Sunday, 26 June 2011

In Defence Of Short Stories #7: Jim Breslin


Before we dive in today, I'd just like to say to any new readers that I'm still on the look out for 'In Defence of Short Story' guest blog posts; I'd particularly be interested in posts covering different aspects of the short story than those so far: maybe discussions of a particularly story, or reflections on reading short stories live to an audience.
But onto the main event - today's guest is Jim Breslin, author of the literary short story collection 'Elephant' (Kindle UK | US | Nook); you can also sample two of the stories in 'We're Not Dog People' (Kindle UK | US). His short stories have been published in Think Journal and Metazen and he is also founder of the West Chester Story Slam. 

For lovers of short stories I can also heartily recommend paying a visit to Jim's blog, where he has set himself the challenge of reading and reviewing the thirty-six short stories long-listed by One Story - some great stories featured, and Jim's comments always make me want to read the stories, or read them again if I've read them before. Oh, and he also Twitters as @jimbrez

Take it away Jim...

Savoring the Short Story

The short story is the greatest of all art forms, but each one should be handled with the greatest of care.
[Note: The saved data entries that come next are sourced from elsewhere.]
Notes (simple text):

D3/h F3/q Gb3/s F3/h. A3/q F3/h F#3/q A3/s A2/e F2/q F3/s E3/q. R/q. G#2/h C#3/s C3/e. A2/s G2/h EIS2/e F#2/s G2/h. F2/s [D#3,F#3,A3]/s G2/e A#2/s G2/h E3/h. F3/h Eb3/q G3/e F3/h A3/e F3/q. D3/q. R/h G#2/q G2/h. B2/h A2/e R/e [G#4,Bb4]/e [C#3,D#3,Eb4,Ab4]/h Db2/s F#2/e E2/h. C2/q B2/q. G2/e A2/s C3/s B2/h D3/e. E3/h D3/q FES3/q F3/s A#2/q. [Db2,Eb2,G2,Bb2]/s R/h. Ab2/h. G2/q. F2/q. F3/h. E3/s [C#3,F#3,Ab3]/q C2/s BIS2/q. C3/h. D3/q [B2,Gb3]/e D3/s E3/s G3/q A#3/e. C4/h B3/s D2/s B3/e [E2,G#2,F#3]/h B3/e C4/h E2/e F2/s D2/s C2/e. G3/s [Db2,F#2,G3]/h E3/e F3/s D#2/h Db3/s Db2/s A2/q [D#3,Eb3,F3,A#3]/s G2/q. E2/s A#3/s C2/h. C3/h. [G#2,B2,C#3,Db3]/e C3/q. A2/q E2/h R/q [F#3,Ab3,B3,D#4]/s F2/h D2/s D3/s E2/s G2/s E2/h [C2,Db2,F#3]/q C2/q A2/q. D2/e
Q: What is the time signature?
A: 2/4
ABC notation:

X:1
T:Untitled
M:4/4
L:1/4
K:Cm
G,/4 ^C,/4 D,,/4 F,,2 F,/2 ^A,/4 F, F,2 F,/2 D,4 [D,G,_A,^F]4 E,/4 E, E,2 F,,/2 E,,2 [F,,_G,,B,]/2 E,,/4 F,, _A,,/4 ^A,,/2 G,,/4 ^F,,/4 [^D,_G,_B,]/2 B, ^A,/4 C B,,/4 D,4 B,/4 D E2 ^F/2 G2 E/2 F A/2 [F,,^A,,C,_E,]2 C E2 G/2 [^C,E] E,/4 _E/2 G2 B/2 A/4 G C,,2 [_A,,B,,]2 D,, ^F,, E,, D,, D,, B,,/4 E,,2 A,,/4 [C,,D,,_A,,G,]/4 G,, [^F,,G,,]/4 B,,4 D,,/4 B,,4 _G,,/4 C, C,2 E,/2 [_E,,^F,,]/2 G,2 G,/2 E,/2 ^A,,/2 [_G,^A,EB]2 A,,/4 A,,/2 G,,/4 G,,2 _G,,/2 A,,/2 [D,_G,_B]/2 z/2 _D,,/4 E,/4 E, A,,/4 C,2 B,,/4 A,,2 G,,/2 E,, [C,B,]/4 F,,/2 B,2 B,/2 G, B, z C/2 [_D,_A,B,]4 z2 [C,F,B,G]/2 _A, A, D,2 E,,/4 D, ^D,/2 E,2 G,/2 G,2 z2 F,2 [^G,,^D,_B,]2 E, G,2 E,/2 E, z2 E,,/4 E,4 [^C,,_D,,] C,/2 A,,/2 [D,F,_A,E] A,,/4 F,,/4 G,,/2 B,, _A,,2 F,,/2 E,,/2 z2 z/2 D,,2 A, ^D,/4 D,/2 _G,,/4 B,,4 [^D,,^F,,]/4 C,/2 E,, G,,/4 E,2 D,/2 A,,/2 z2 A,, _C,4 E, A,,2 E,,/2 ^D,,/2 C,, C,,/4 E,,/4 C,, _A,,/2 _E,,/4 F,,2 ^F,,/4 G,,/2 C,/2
A short story is meant to be savored in quiet, read carefully in one sitting. It’s important not to rush through stories as though they are chapters of a novel. One story at a time. Take a break and refill your wine glass. Reflect. Contemplate. A short story provides a glimpse into every day life. They are often sketches of smaller moments, though some portray lengthier spans, even generations. But the ones I believe work best cover the smallest of moments, such as tracing the stretch marks on a wife's legs or eating 
crusty rolls in the back of a bakery while in mourning.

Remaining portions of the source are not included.